- Born: 12 December 1789 Dublin, Ireland, UK
- Died: 7 March 1857 (aged 67) London, England, UK
- Occupation: Banker

= Robert Rundell Guinness =

British banker

Robert Rundell Guinness (12 December 1789 – 7 March 1857) was an Anglo-Irish banker, most noted for co-founding the Guinness Mahon bank in 1836.

The grandson of Dublin goldbeater Samuel Guinness (1727–1795), he is the first of the "banking line" in the Guinness family.

==Family==
Robert was the son of Richard Guinness (1755–1829), a Dublin barrister and judge, and his wife Mary Darley, descended from a well-known Dublin house-building family. He was a grand-nephew of the brewer Arthur Guinness, and the elder brother of Richard Samuel Guinness MP.

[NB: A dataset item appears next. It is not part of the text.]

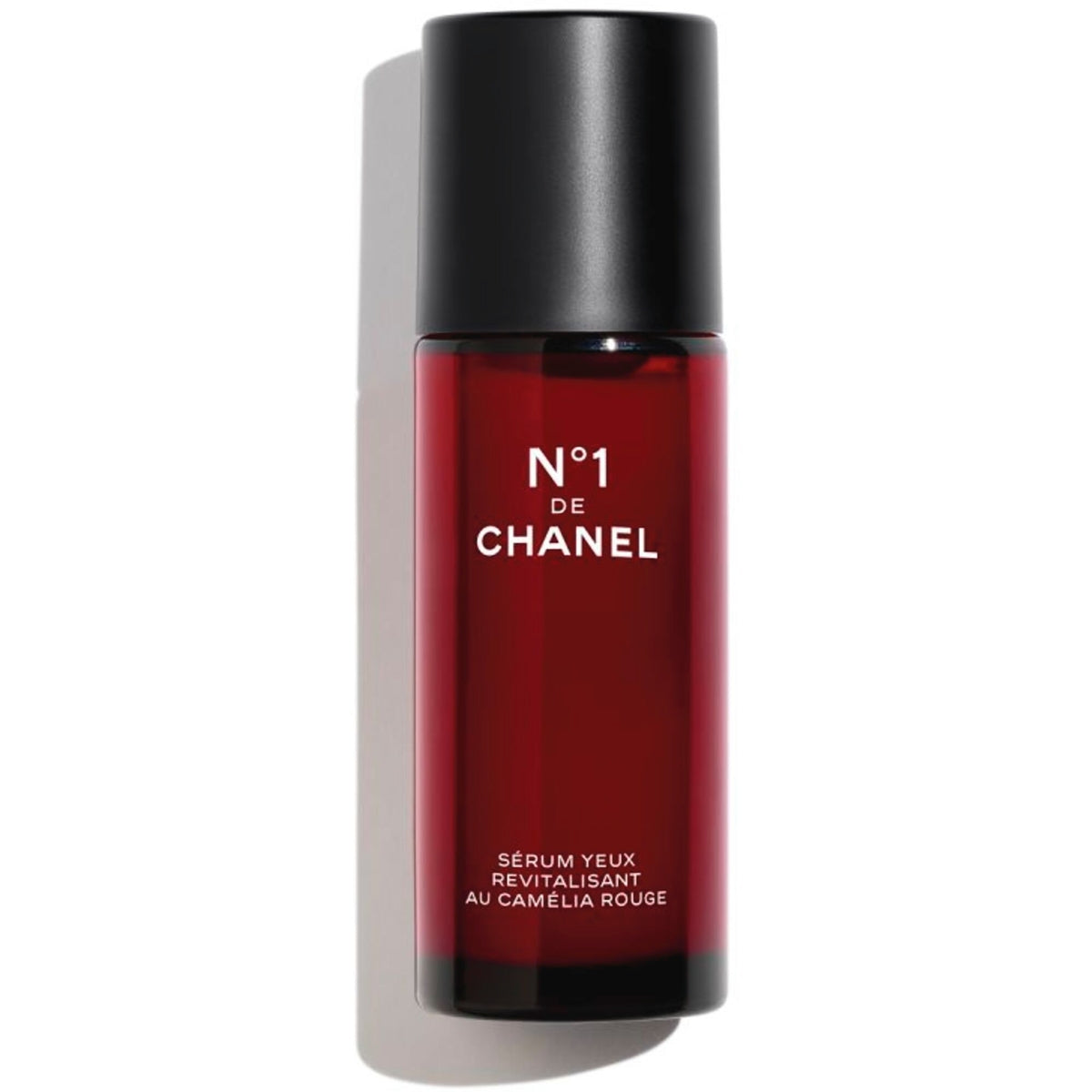 Chanel N°1 de Chanel revitalizing eye serum in 15ml bottle, close-up view showing sleek packaging and branding.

He married firstly, Mary Anne Seymour in November 1822, who died in 1837 at their home in Stillorgan, County Dublin. She was descended from an Irish branch of the family of the Duke of Somerset. They had three children:
- Mary Catherine (1823–1905), who married Sir Samuel Ferguson
- Richard Seymour (1826–1915), a banker with Guinness Mahon from 1841, and father of Benjamin Seymour Guinness
- Henry (1829–93), a banker with Guinness Mahon from 1851

He remarried to Mary Anne Moore in June 1840, and they had 7 children, including
- Revd Robert Guinness (1841-1918)
- 6 daughters who died childless.

His grandson Henry Guinness became an Irish senator in 1922. His granddaughter Lucy Guinness was the wife of the painter Philip de László.

==Guinness Mahon==
Like his father, uncle and brother, Robert trained as a lawyer at the Kings Inns and was called to the bar in Dublin. Having run and dissolved a financial partnership with his brother Richard in 1836, he went into partnership in the same year with John Ross Mahon, principally as land agents, trading in Dublin as Guinness & Mahon; and from 1851 as Guinness Mahon & Company.

In 1854 the firm moved to premises on College Green in the centre of Dublin, increasing its banking business, and adding lines in insurance and assurance.

From his death in 1857 the banking side was further developed by his sons Richard Seymour and Henry, who went on to arrange advantageous discounting terms in 1873 with the Bank of Ireland.

==Other interests==
Guinness was elected a life member of the Royal Dublin Society from 1821, joining its botany committee in 1823-26; its economy committee in 1831-38; and its statistics committee in 1840–41.